> _Stored data_:
_ _ _
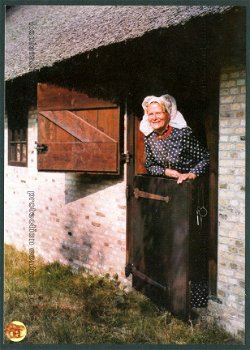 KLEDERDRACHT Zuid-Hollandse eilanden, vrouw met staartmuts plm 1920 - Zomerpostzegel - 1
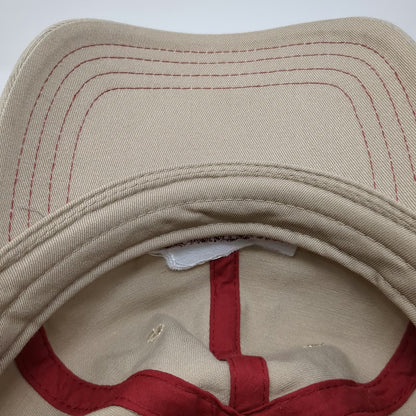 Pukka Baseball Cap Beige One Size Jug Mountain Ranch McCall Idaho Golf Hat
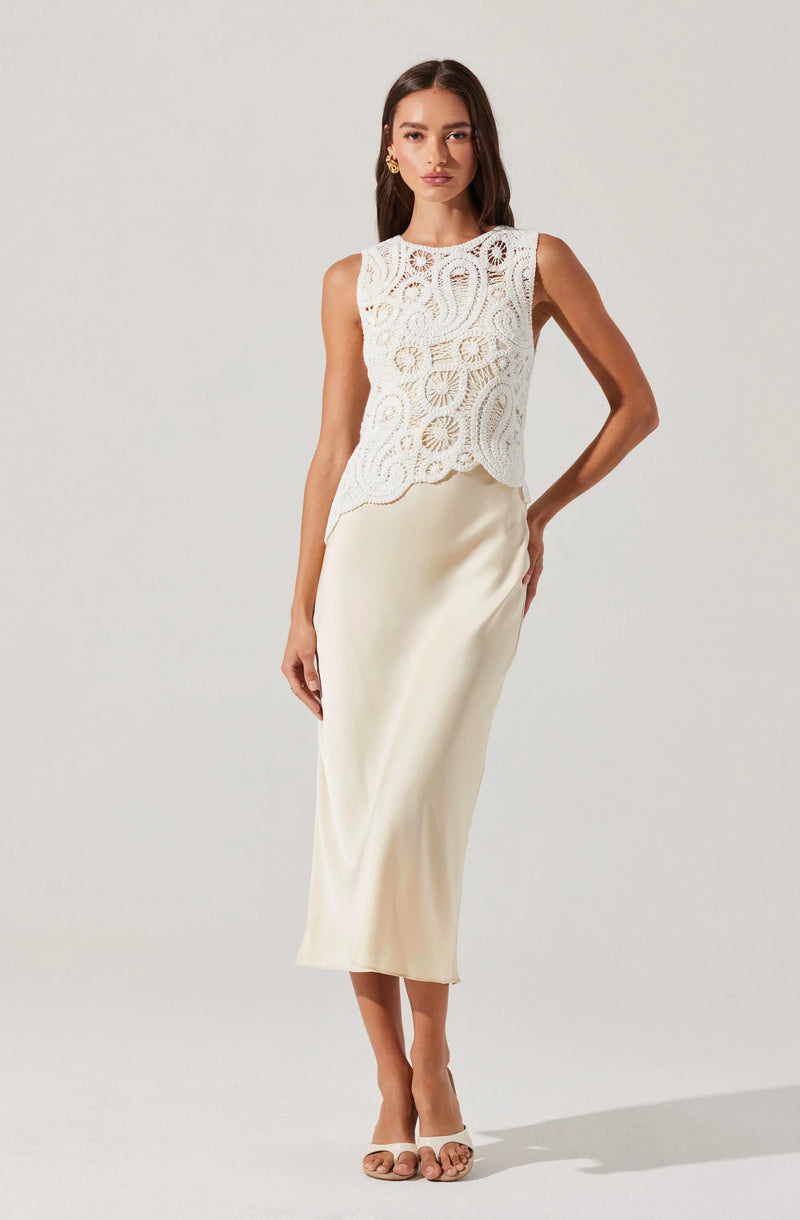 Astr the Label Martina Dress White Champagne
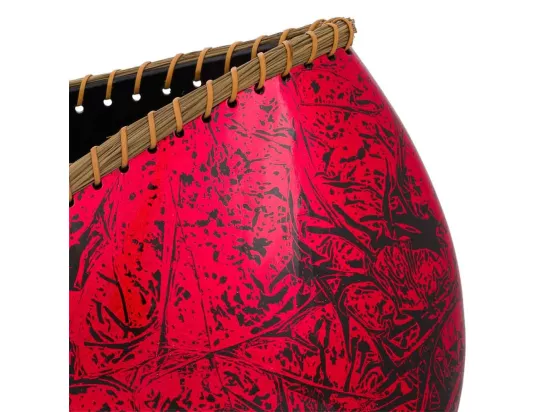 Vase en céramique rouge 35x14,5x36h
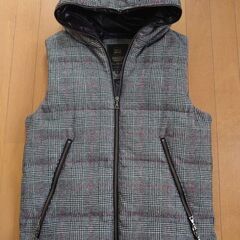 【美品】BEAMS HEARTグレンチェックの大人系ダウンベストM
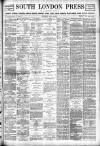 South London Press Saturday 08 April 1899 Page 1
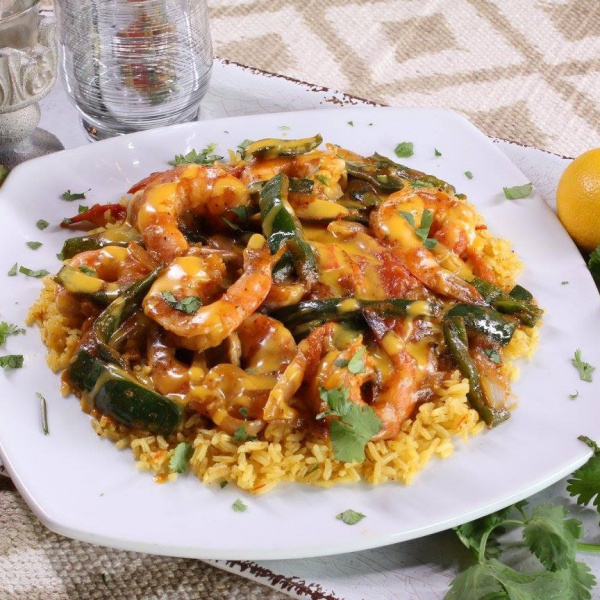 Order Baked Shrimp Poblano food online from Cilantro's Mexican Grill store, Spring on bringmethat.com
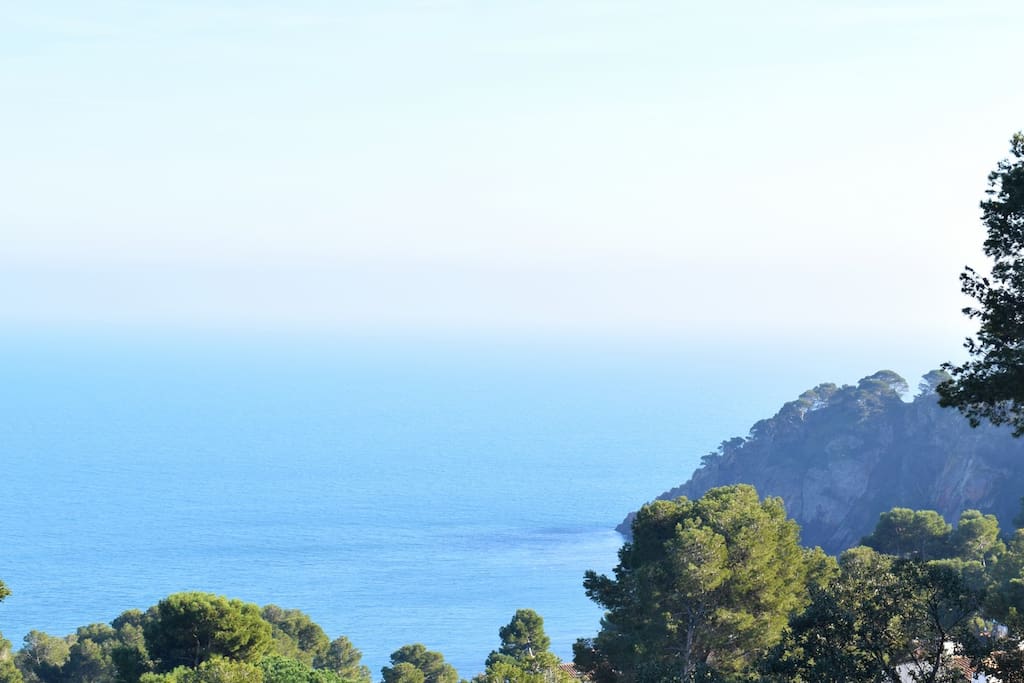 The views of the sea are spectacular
_ _ _
> _What you are asked to do_: Copy the records above from the first line through the line containing "Vase en céramique rouge 35x14,5x36h", both included, and leave out any pictures.

> _Solution for this problem_:
 KLEDERDRACHT Zuid-Hollandse eilanden, vrouw met staartmuts plm 1920 - Zomerpostzegel - 1
 Pukka Baseball Cap Beige One Size Jug Mountain Ranch McCall Idaho Golf Hat
 Astr the Label Martina Dress White Champagne
 Vase en céramique rouge 35x14,5x36h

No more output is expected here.